Herpes simplex virus infects skin or mucosal cells, travels into your nervous system, and hides there for life. It’s one of the most common infections on earth: around 846 million people between 15 and 49 have genital herpes alone, according to WHO estimates from 2020. The virus comes in two types, HSV-1 and HSV-2, and both follow the same basic playbook of infection, dormancy, and reactivation.
How the Virus Gets Into Your Cells
Herpes needs direct contact with skin or mucous membranes to spread. The virus can’t survive long outside the body, so transmission happens through kissing, sexual contact, or skin-to-skin contact with an active or shedding infection site.

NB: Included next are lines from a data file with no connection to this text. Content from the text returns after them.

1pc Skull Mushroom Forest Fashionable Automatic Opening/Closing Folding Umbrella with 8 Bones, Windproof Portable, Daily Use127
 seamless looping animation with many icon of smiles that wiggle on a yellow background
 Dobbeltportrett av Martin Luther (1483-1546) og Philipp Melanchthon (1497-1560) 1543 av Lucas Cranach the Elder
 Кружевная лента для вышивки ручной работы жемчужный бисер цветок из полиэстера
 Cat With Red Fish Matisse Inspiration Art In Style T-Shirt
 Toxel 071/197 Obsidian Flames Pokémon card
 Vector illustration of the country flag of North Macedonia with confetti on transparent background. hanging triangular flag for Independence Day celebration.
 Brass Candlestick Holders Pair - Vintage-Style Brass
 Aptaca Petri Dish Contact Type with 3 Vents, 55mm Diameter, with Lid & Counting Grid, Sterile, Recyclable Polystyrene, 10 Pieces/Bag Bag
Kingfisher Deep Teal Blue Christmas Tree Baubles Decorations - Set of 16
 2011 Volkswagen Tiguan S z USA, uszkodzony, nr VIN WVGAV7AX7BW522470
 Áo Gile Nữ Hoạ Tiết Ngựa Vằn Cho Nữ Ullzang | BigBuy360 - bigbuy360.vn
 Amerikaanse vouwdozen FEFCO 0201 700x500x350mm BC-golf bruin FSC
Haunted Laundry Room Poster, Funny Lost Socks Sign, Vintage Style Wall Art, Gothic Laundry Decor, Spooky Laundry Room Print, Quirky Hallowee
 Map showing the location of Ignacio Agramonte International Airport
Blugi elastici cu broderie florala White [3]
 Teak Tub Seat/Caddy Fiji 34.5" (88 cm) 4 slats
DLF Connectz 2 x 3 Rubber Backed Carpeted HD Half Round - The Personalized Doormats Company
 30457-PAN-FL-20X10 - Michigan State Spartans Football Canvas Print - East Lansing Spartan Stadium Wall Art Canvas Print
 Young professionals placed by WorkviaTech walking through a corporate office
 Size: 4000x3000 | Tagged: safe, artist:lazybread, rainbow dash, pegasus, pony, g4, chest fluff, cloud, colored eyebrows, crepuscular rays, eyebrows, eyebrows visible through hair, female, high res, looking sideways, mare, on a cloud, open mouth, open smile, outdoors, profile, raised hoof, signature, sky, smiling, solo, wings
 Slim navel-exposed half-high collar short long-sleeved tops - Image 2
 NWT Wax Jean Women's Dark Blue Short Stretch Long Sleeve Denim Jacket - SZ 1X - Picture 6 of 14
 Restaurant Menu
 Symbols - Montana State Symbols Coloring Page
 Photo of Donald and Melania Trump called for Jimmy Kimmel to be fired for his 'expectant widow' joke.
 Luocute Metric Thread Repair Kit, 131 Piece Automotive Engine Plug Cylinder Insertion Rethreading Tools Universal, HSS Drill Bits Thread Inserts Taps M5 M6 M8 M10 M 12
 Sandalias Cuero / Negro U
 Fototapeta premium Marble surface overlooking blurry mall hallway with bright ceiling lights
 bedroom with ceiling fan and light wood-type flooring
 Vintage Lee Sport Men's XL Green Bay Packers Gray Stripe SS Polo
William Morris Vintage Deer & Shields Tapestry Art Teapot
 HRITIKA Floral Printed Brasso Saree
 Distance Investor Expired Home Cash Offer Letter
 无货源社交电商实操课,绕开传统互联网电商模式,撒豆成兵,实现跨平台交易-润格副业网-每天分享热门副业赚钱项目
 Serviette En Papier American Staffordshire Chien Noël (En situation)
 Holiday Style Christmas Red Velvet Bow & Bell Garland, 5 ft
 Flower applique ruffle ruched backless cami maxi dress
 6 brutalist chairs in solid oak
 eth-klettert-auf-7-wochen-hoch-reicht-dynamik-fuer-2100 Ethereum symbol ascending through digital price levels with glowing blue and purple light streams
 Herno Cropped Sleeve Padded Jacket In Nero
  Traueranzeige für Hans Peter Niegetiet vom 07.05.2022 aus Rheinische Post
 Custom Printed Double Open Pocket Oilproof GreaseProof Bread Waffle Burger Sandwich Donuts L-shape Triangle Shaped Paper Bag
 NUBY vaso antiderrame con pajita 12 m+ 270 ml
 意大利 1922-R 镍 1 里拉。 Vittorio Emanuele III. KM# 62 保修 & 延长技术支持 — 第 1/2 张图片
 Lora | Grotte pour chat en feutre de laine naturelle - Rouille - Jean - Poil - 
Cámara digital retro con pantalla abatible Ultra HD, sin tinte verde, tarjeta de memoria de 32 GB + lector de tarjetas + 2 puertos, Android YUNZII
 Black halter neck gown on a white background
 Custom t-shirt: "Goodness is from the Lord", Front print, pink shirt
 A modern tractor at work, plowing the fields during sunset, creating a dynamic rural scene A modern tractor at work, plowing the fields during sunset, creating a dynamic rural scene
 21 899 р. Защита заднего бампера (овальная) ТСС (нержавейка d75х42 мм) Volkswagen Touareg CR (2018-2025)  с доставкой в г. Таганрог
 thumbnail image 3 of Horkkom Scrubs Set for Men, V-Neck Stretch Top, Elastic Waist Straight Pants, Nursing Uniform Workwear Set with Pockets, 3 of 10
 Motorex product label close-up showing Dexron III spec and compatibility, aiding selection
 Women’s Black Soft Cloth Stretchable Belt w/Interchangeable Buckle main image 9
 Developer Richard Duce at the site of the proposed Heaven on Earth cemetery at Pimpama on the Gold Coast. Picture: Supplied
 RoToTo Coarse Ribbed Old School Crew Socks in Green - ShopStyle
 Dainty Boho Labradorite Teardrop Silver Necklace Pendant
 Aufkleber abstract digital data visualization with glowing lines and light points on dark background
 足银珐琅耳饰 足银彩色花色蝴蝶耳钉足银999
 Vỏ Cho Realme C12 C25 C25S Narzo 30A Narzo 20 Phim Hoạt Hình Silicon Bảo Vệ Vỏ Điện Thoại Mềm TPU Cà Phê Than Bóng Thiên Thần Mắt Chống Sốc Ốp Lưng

Once the virus lands on a vulnerable surface, it uses proteins on its outer envelope to latch onto matching receptors on your cells. The initial grab is loose, like Velcro catching fabric, as viral surface proteins hook onto sugar molecules coating your cells.
The real entry depends on a tighter lock-and-key fit. A specific viral protein binds to one of several receptors on the cell surface, with the two most important being nectin-1 (found on nerve and skin cells) and HVEM (found on immune cells). HSV-1 and HSV-2 both use these receptors but have slightly different preferences, which partly explains why HSV-1 favors the oral area and HSV-2 favors the genital area. Once this binding happens, the virus fuses its outer membrane with the cell membrane and dumps its genetic material inside. Four viral proteins work together to make this fusion happen, and without any one of them, the virus can’t get in.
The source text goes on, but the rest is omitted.